Nesses tempos “ficar bem” não tem sido um processo orgânico. É preciso fazer a escolha diária para ficar bem, então, prefiro não colocá-los em risco e ouvir música enquanto cozinho. Assim garanto que meu conteúdo pessoal e confuso, não vai temperar a comida dos meus amores.
A música tem essa capacidade incrível de transportar a gente para um bom estado de espírito! Cozinho e canto. Cozinho, canto e rezo agradecendo e pedindo a Deus para que as coisas que estão acontecendo comigo, com a humanidade e com o planeta, não me deixem de jeito nenhum indiferente, sem forças, e que eu não perca a visão sobre quem sou, onde estou, de onde vim e como posso me manter firme, na luta e sã!
Peço a Deus que a injustiça não seja algo que nos passe batido! Nunca! Precisamos sobreviver à covardia de quem pratica injustiças! Muito me vem à cabeça a música de Arnaldo Antunes : “Debaixo d’água tudo era mais bonito, mais azul, mais colorido, só faltava respirar, mas tinha que respirar, todo dia, todo, dia, todo dia… Debaixo d'água por enquanto sem sorriso, sem pranto, sem lamento, sem saber o quanto esse momento poderia durar, mas tinha que respirar…" e nessa de ter que respirar, vou buscando fazer isso com a qualidade mais amorosa que eu consiga acessar.
Não nego os instantes de raiva e dor que sinto, mas aprendi a transformá-los em indignação, e o que não consigo transformar, tento me esvaziar chorando. Sento pra chorar, se for difícil, se tiver aquele bolo imóvel. Recorro também nessas horas à música e choro para poder fazer as coisas e abrir os tais caminhos.
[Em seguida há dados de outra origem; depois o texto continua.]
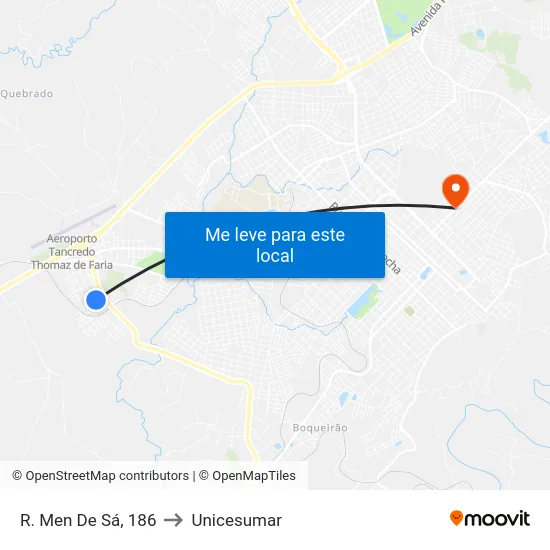 R. Men De Sá, 186 to Unicesumar map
Por falar nisso, há uma música de Maria Gadú que diz “Todos caminhos trilham pra gente se ver, todas as trilhas caminham pra gente se achar, viu?… a qualquer distância o outro te alcança…” Isso me faz lembrar que esses caminhos, essas trilhas que estamos abrindo em nós, nos levam ao outro, inexoravelmente. Que bom! Não estamos sós nem nunca estaremos!
Como disse Chico César e Juliete eternizou “caminho se conhece andando, então vez em quando, é bom se perder. Perdido fica perguntando, vai só procurando e acha sem saber. Perigo é se encontrar perdido, deixar sem ter sido, não olhar, não ver. Bom mesmo é ter sexto sentido, sair distraído, espalhar bem querer”.
Vamos caminhar, mesmo que parados, espalhando bem querer para encher esse momento de dificuldades e desafios em um tempo de plantar, só assim teremos o que colher.